Afschrift aan : mr. Hoving

Verzonden d.d.

beschikking van 3 januari 2020

in de zaak van

de stichting, Stichting Katholieke Universiteit (betreffende het Radboud Universitair Medisch Centrum),

gevestigd te Nijmegen,

verzoekende partij,

gemachtigde: mr. H.A. Hoving ,

en

[verwerende partij] ,

wonende te [woonplaats] ,

verwerende partij,

gemachtigde: mr. A.M. Stalmeier.

Partijen worden hierna Radboudumc en [verwerende partij] genoemd.

1 De procedure
1.1

Het verloop van de procedure blijkt uit:

- het verzoekschrift met producties 1 t/m 39 ter griffie ingekomen op 30 augustus 2019

- het verweerschrift met producties 1 t/m 36 ter griffie ingekomen op 18 november 2019

- de brief van mr. Hoving d.d. 21 november 2019 met producties 40 t/m 45

- de herziene versie van het verweerschrift d.d. 22 november 2019 met toevoeging van de randnummers 245, 248, 249, 250, 253 en 254

- de brief van mr. Stalmeier d.d. 22 november 2019 met producties 37 t/m 39

- de brief van mr. Stalmeier d.d. 25 november 2019

- de aantekeningen van de griffier van de mondelinge behandeling van 29 november 2019 waaraan gehecht de pleitnotities van beide gemachtigden

1.2

Ten slotte is beschikking bepaald.

2 De feiten
2.1

[verwerende partij] , geboren [dag en maand] 1962, is per 1 maart 2003 bij Radboudumc op basis van een arbeidsovereenkomst voor onbepaalde tijd voor een arbeidsduur van 40 tot 48 uren gemiddeld per week op jaarbasis in dienst getreden als academisch medisch specialist/revalidatie-arts. Op de arbeidsovereenkomst is de cao Universitair Medische Centra (UMC), hierna verder: de cao, van toepassing. Artikel 6 van de schriftelijke arbeidsovereenkomst luidt als volgt:

“Het is de medewerker niet toegestaan nevenbetrekkingen te aanvaarden zonder dat de Raad van Bestuur daarvoor schriftelijk toestemming heeft verleend.”

2.2

Het periodiek salaris van [verwerende partij] bedraagt laatstelijk € 11.585,- bruto per maand, vermeerderd met een toelage van € 864,08 per maand. Daarnaast ontvangt [verwerende partij] vakantietoeslag van 8% en eindejaarsuitkering van 8,3% per jaar.

2.3

Artikel 9.3 van de cao met als aanhef ‘nevenwerkzaamheden’ luidt voorzover van belang als volgt:

“1. De medewerker heeft geen voorafgaande toestemming van de werkgever nodig voor het aanvaarden of verrichten van nevenwerkzaamheden, tenzij deze nevenwerkzaamheden het belang van het umc en/of een goede functie-uitoefening kunnen raken.

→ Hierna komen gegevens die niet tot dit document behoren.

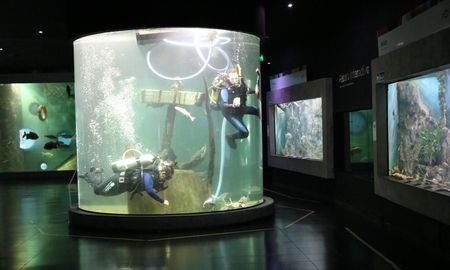 El Acuario del Río Paraná, uno de los imperdibles de Rosario, tuvo un 2025 con crecimiento de visitantes. El Acuario del Río Paraná, uno de los imperdibles de Rosario, tuvo un 2025 con crecimiento de visitantes.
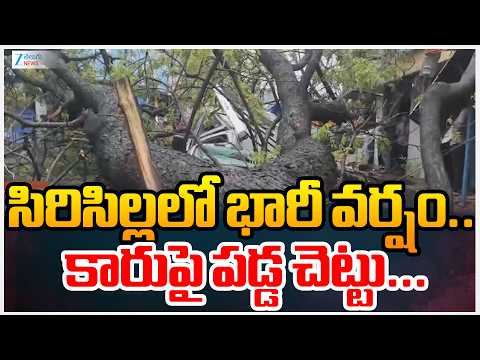 Heavy Rains In Siricilla | సిరిసిల్లలో భారీ వర్షం..  కారుపై పడ్డ చెట్టు... | Zee Telugu News - ZEE24TELUGUNEWS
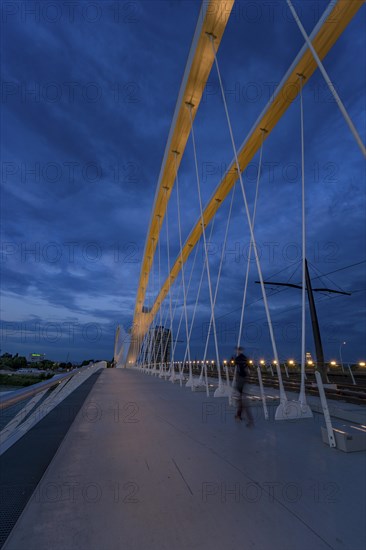 Beatus-Rhenanus bridge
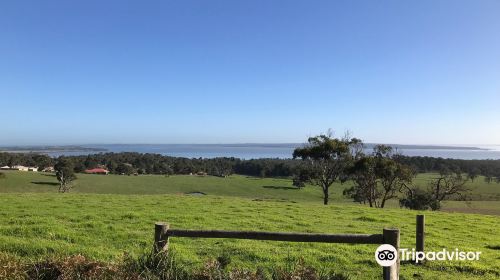 The Shuntoff Lookout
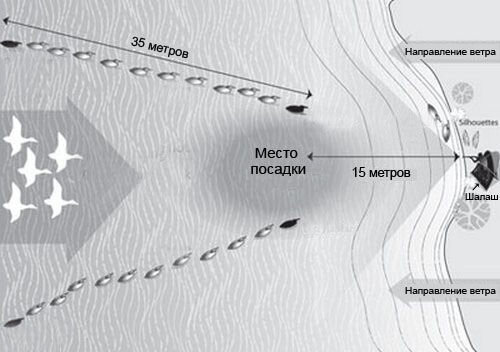 Схема расстановки чучел уток весной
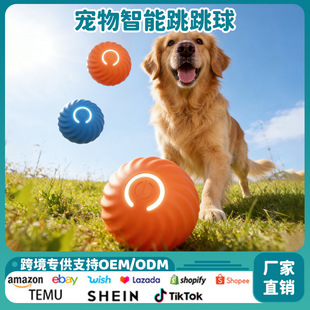 ���������򹷹������ҧ�� �ԄӶ����������˽␞����USB�������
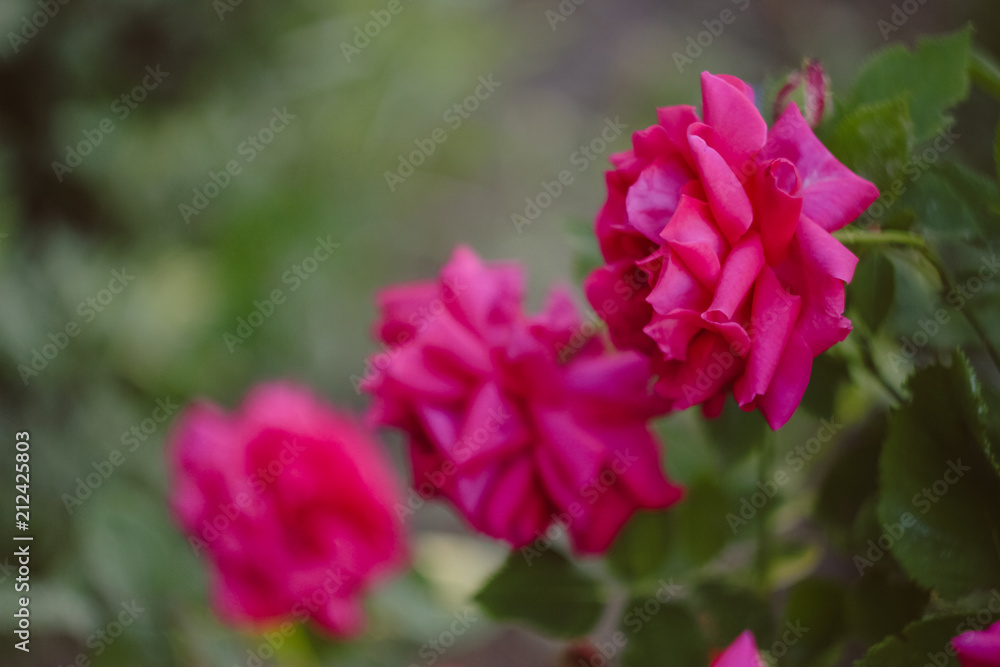 Pink garden roses on a bush , summer flower Pink garden roses on a bush , summer flower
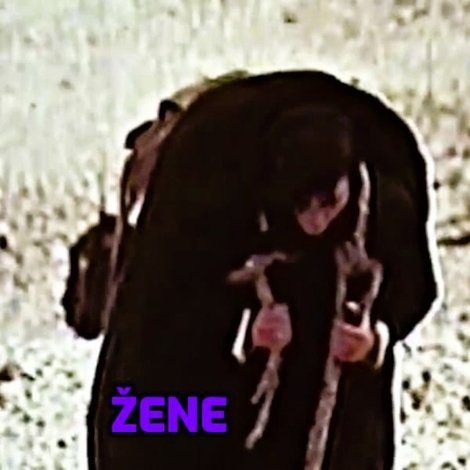 Žene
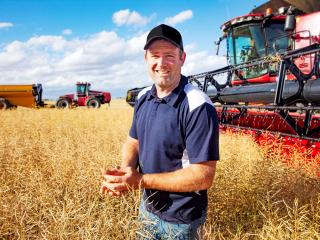 Man in a golden crop in front of a harvester. Man in a golden crop in front of a harvester.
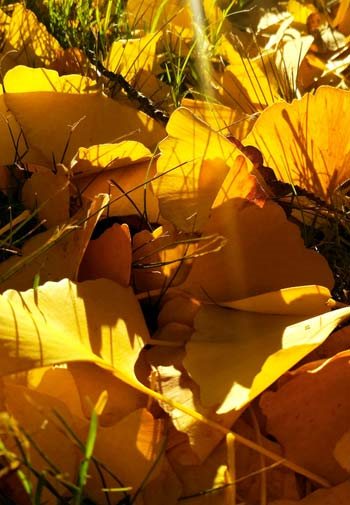 Yellow Ginko leaves in the sun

2. De werkgever verleent toestemming voor nevenwerkzaamheden, indien naar zijn oordeel het verrichten van deze nevenwerkzaamheden niet schadelijk kan zijn voor het belang van het umc en/of voor een goede functie-uitoefening. Indien het belang van het umc daarmee is gediend, kan de werkgever erin toestemmen dat de medewerker zijn nevenwerkzaamheden geheel of gedeeltelijk verricht tijdens de voor hem geldende werktijd.

[…]

5. Indien blijkt dat de medewerker zonder toestemming nevenwerkzaamheden verricht of heeft verricht waarvoor krachtens het eerste lid toestemming is vereist, stelt de werkgever de medewerker in de gelegenheid deze toestemming alsnog te vragen. Wordt de toestemming niet verleend, dan kan de werkgever de medewerker, onverminderd het bepaalde in artikel 11.1 (plichtsverzuim), opdragen deze werkzaamheden te beëindigen en/of de genoten inkomsten af te dragen aan de werkgever.

6. De werkgever kan voor de administratieve uitvoering van het bepaalde in dit artikel nadere regels vaststellen in overleg met de ondernemingsraad.”

2.4

Hoofdstuk 11 van de cao bevat een regeling over disciplinaire straffen in geval van plichtsverzuim. Artikel 11.1 definieert dit plichtsverzuim en artikel 11.2 geeft een opsomming van de straffen en bepaalt ook het maximum daarvan, als volgt:

“1. De werkgever kan de volgende disciplinaire maatregelen opleggen:

a schriftelijke berisping;

b eenmalige inhouding van ten hoogste 10% van het maandsalaris van de medewerker; […]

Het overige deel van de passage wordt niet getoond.